I found SS about a year ago, maybe a little more, and loved it, but there were a few too many bugs for my liking. With 2.2.2, things are pretty good and I'm now doing all my sites in SS and converting some old ones.

However, there are still some annoying bugs, and here are some off the top of my head:

- in IE, you can't insert a link with the editor. You highlight the text, go to insert link and the text loses focus.

- newsletters don't work from the admin panel. You can build a form, and everything looks like it works, but the user is never inserted into the database. Newsletters do work, but you have to custom build them. Fine for a developer, not so much for a client.

- newsletter borks on large lists a lot of the time. Takes up a lot of memory.

- Not really a bug, but admin backend a little slow.
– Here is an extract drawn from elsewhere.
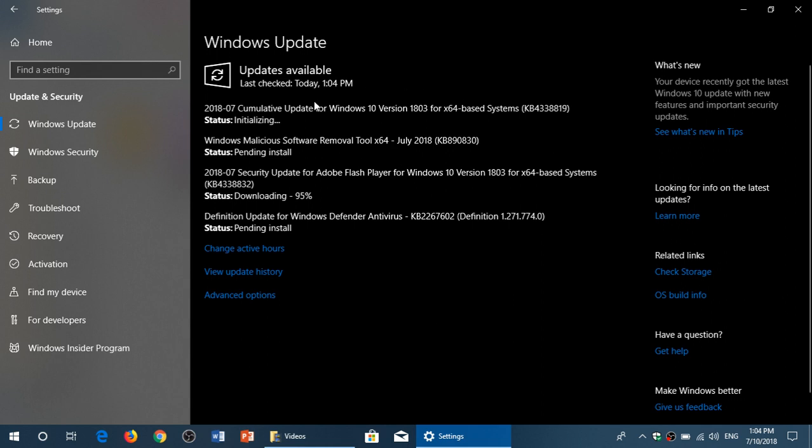So we have a cumulative update for Windows 10 version 1803 and of course there's a cumulative update for Windows 7, Windows 8.1 and Windows 10 creators update, fall creators update and April 2018 update.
If you look at the html source, you'll see 50+ javascript files being included, plus a ton of other things - css etc.

- Memory issues. Fixed up a lot since I got here, but still not perfect. I remember if you had a lot of files/images, that section usually timed out and consumed a lot of memory. They may have fixed that a bit, can't remember. Don't really have any sites that large.

- Stats section is slow, and again, takes up a lot of memory. I'd suggest disabling it, search forums for how to. In 2.3 it will be removed from the core and made into a module.

- No real great way to sort/display the sitetree in the admin section, i.e your pages in the admin nav. This makes blogging or sites with a ton of pages a real pain to handle.

- No sub level URLs yet. There is a hack out there to get it, but it's not built in by default or fully supported yet. This is coming eventually.

- Home page has to be with the URL domain.com/home/ which redirects to domain.com. This isn't good for SEO as it creates duplicate content. There is a work around for the sitemap.xml file if you search the forums.

That's it off the top of my head. You can see them all in the bug tracker. SS is still great, but I feel it'll be very stable/solid with the 2.3 release. Nothing is perfect, but 2.2.2 is usable imo and has been great. The future looks very promising.